Some days I'd rather deal with mutant zombie bikers than have anything to do with lawyers. There was once a time when I thought the collapse would happen and they'd all go away. I was naive. A comet could strike the earth and all we'd have left is cockroaches and lawyers.
Don't believe me? Go to any dirt poor third world country. Wander into the worst part of the ghetto. Somewhere in there will be a lawyer advertising his services. As long as there is any government left at all, we are going to have to deal with lawyers.
My life has always gone better when no lawyers are involved. Pretty much the same can be said for wearing suits. Come to think of it, the last time I wore a suit, lawyers and judges were involved. Sigh.
That's not to say I haven't hired good lawyers. I've been fortunate to have hired good ones over the years. One in particular went above and beyond the call of duty. I'd run out of money and credit and yet he still pursued my case, knowing he'd probably not get paid.
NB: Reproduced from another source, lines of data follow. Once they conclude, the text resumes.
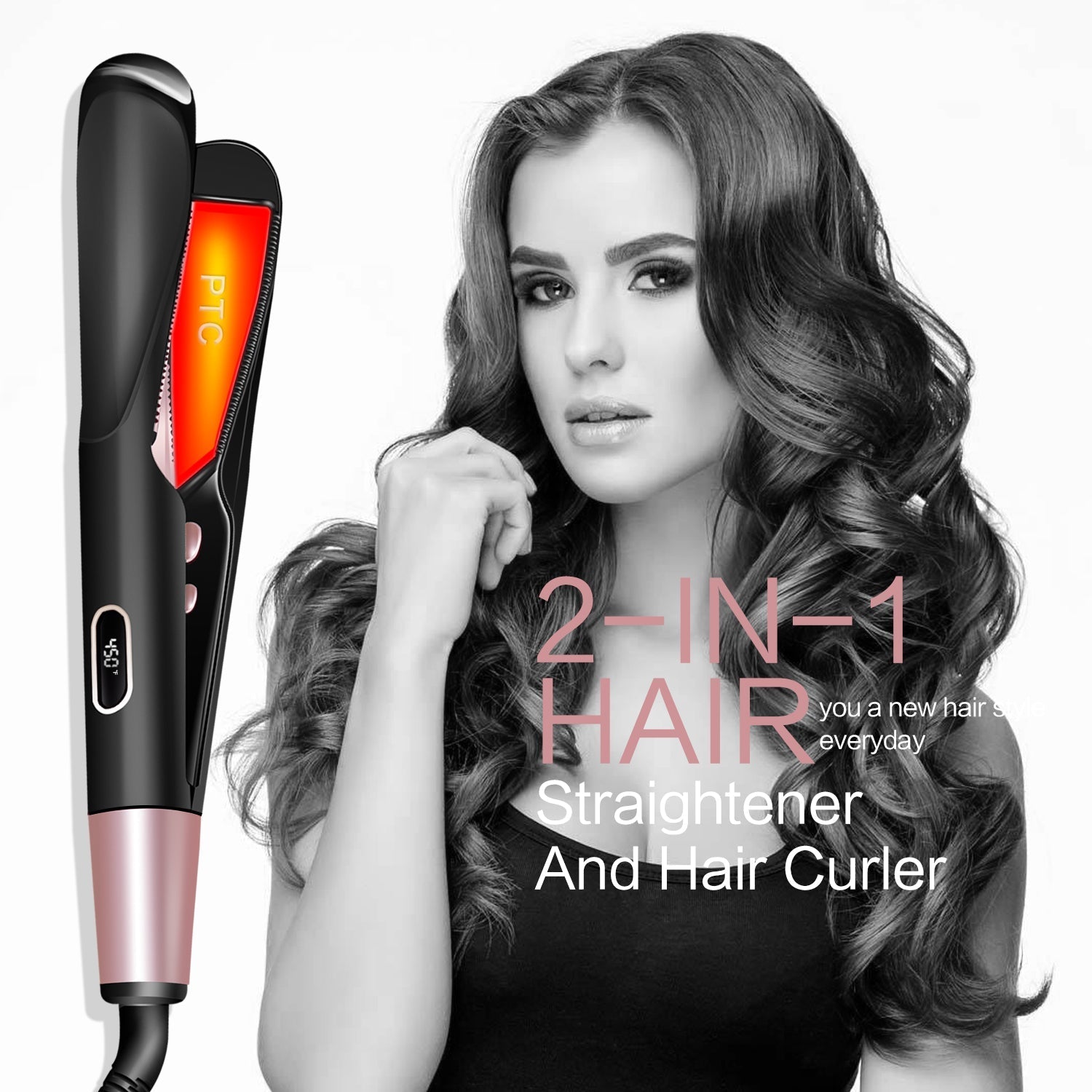 2 in 1 Electric Hair Straightener Ceramic Curling Wand Iron Curler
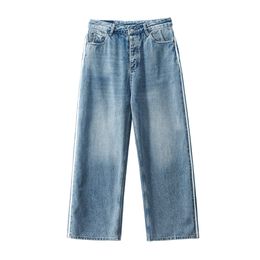 Washed Jeans For Men Blue Pants Washed Straight Denim Jeans Loose Fit Striped Baggy Wide Leg Flared Jeans Men Streetwear Winter01 181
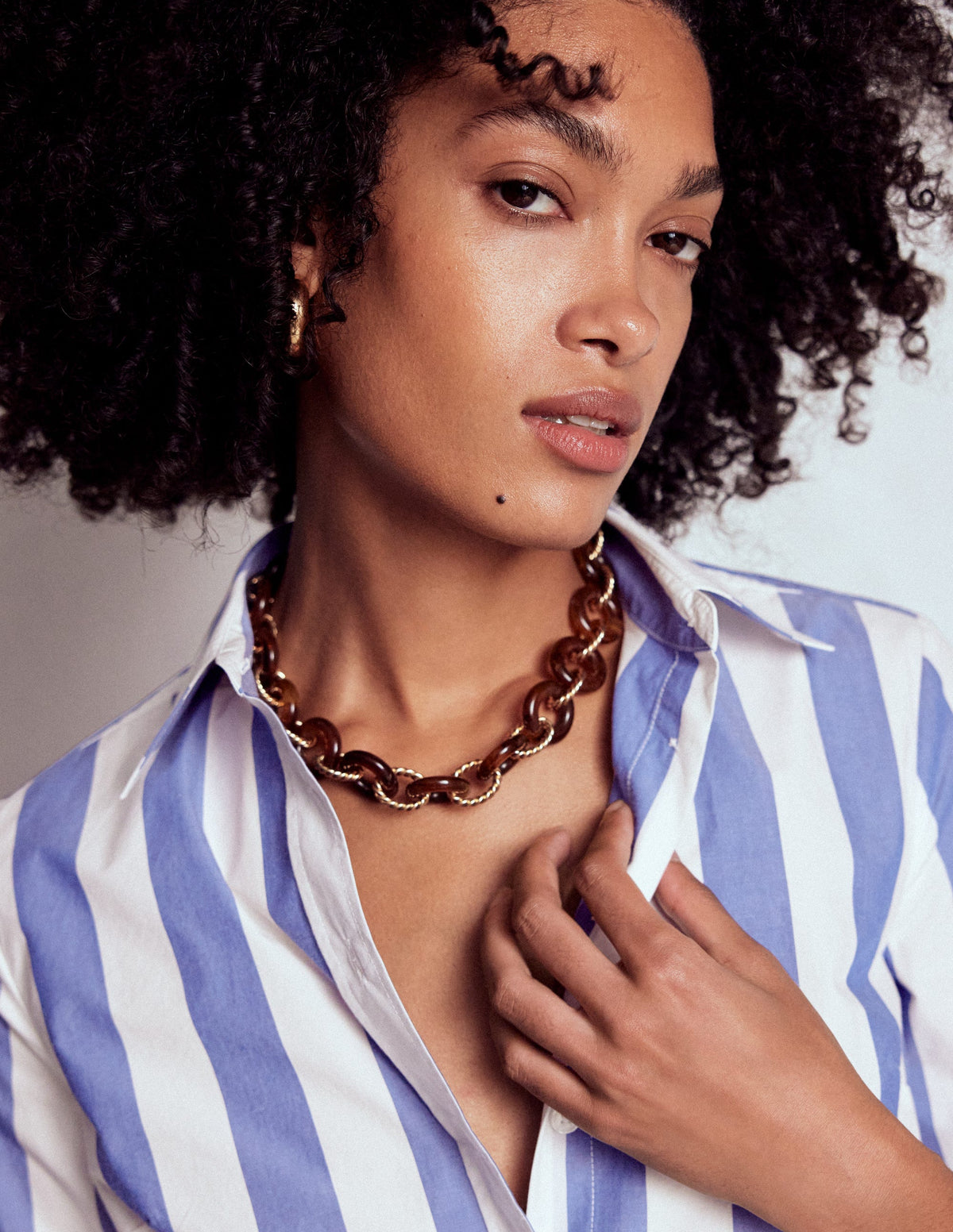 Chunky Resin Chain Necklace-Brown-2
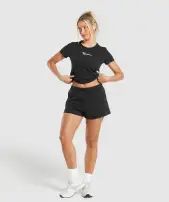 Fairy Pre Workout Baby Tee(Black,XXS)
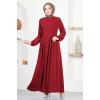 Kemerli Elbise ASN216 Bordo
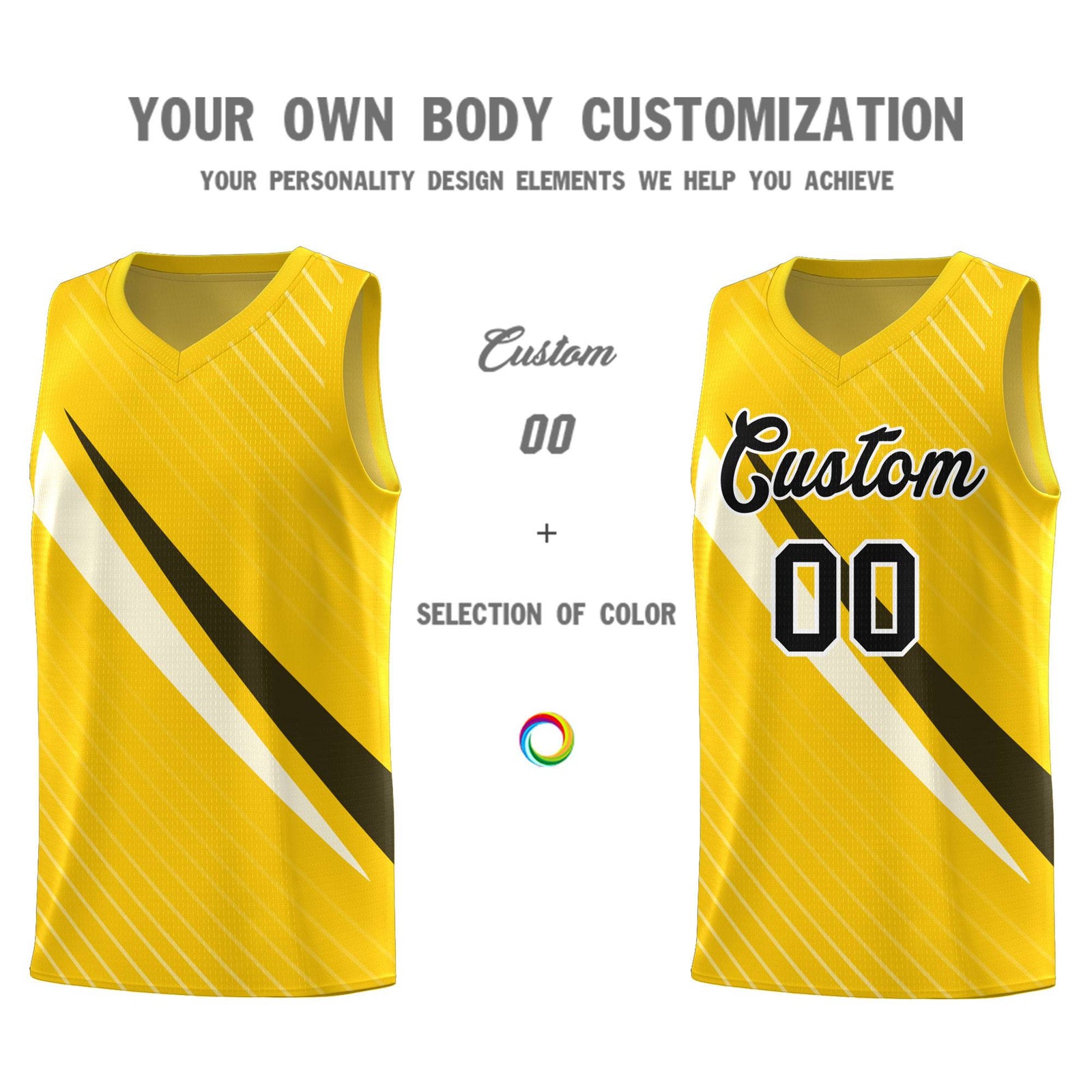 Custom Gold Diagonal Pinstripe Pattern Color Block Sports Uniform Basketball Jersey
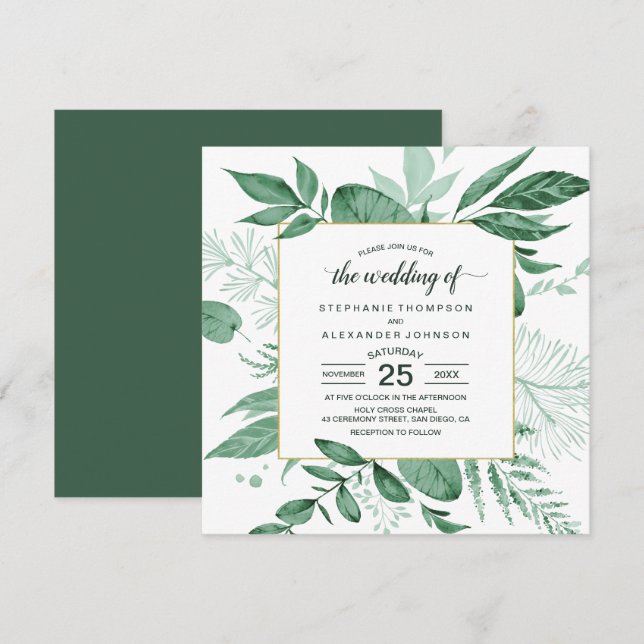 Wilde Wasserfarben Blätter Jäger Grüne Hochzeit Einladung (Vorne/Hinten)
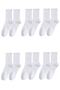 Pack of 6 White Plain Cotton Tennis College Socks - 3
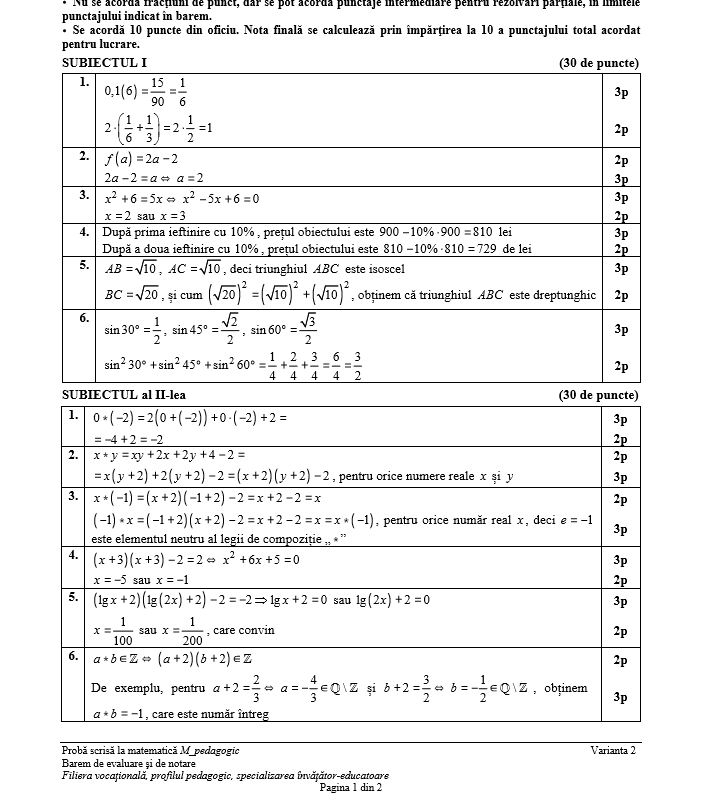 barem mate pedagogic bac 2018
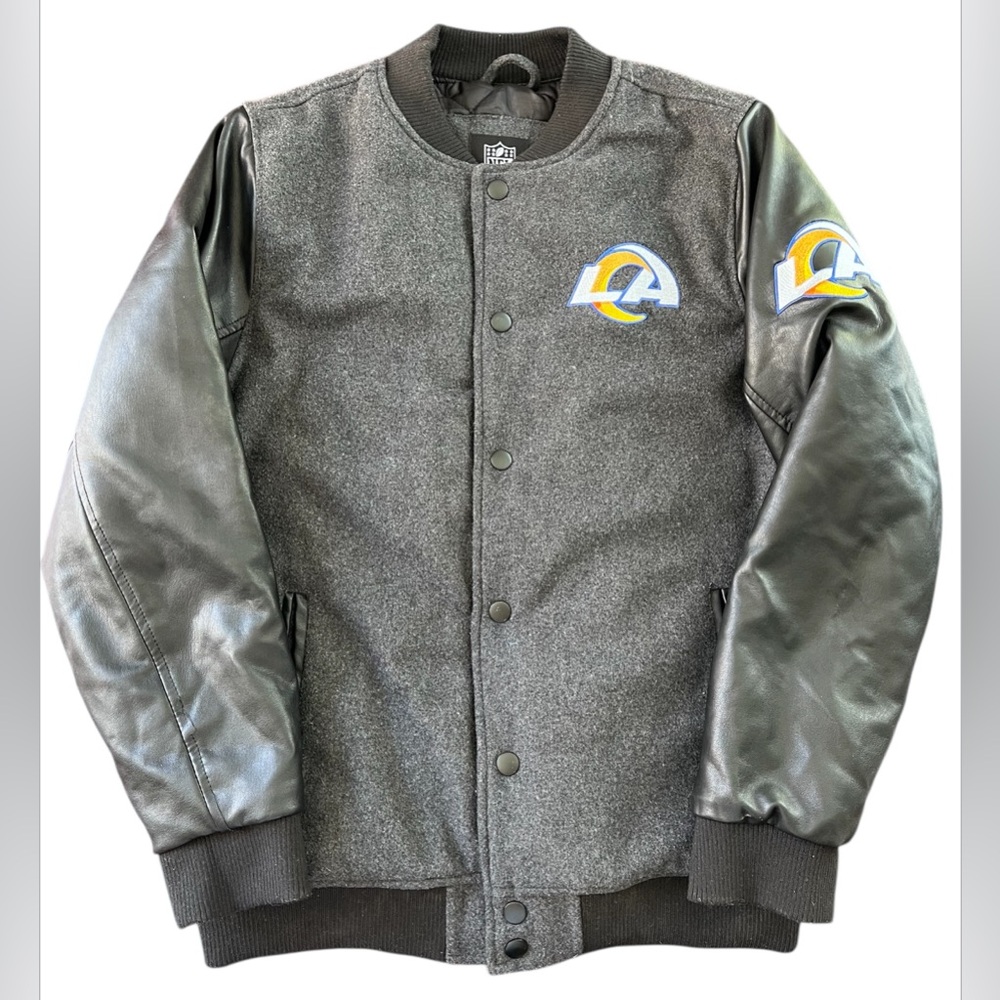 LA Rams NFL Foot Gray and Black Varsity Style Wool Blend Bomber Jacket XL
He just didn't feel right leaving the case without doing all that he could possibly do. Glad he did, as I actually won in the end.
Currently my lovely wife has a lawyer to help with a disability claim. Believe me, it's almost impossible to make progress without one. Shouldn't be, but there it is. Her case comes before a judge next month. Wish us well. After that, if all goes to plan, we'll be done with lawyers for quite some time.
It's a screwed up system where basic problems require the professional services of a lawyer. I hate it, but we are stuck with it -at least for now. For a guy who settles so many problems outside of normal systems, it's an embarrassment to have to hire legal professionals. The system is closed and outsiders don't have much chance. About the best I can hope for is that I hire well.